### WORK REQUIRED
For this exercise, the reply is the listing below, reproduced exactly.

### INPUT DATA
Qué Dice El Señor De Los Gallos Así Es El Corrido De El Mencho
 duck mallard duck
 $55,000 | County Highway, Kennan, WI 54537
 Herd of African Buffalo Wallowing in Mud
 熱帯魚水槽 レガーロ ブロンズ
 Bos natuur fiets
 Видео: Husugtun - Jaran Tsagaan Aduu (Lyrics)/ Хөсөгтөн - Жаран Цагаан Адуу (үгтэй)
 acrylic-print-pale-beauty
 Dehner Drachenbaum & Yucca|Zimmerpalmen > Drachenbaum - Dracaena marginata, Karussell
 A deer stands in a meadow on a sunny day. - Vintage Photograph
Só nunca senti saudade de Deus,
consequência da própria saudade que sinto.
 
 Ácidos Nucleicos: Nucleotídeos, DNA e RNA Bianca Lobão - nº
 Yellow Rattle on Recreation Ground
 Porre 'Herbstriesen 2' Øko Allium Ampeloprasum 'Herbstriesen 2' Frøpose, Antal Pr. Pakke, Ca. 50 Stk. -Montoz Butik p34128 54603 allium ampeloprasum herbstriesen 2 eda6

### WRITTEN ANSWER
Qué Dice El Señor De Los Gallos Así Es El Corrido De El Mencho
 duck mallard duck
 $55,000 | County Highway, Kennan, WI 54537
 Herd of African Buffalo Wallowing in Mud
 熱帯魚水槽 レガーロ ブロンズ
 Bos natuur fiets
 Видео: Husugtun - Jaran Tsagaan Aduu (Lyrics)/ Хөсөгтөн - Жаран Цагаан Адуу (үгтэй)
 acrylic-print-pale-beauty
 Dehner Drachenbaum & Yucca|Zimmerpalmen > Drachenbaum - Dracaena marginata, Karussell
 A deer stands in a meadow on a sunny day. - Vintage Photograph
Só nunca senti saudade de Deus,
consequência da própria saudade que sinto.
 
 Ácidos Nucleicos: Nucleotídeos, DNA e RNA Bianca Lobão - nº
 Yellow Rattle on Recreation Ground
 Porre 'Herbstriesen 2' Øko Allium Ampeloprasum 'Herbstriesen 2' Frøpose, Antal Pr. Pakke, Ca. 50 Stk. -Montoz Butik p34128 54603 allium ampeloprasum herbstriesen 2 eda6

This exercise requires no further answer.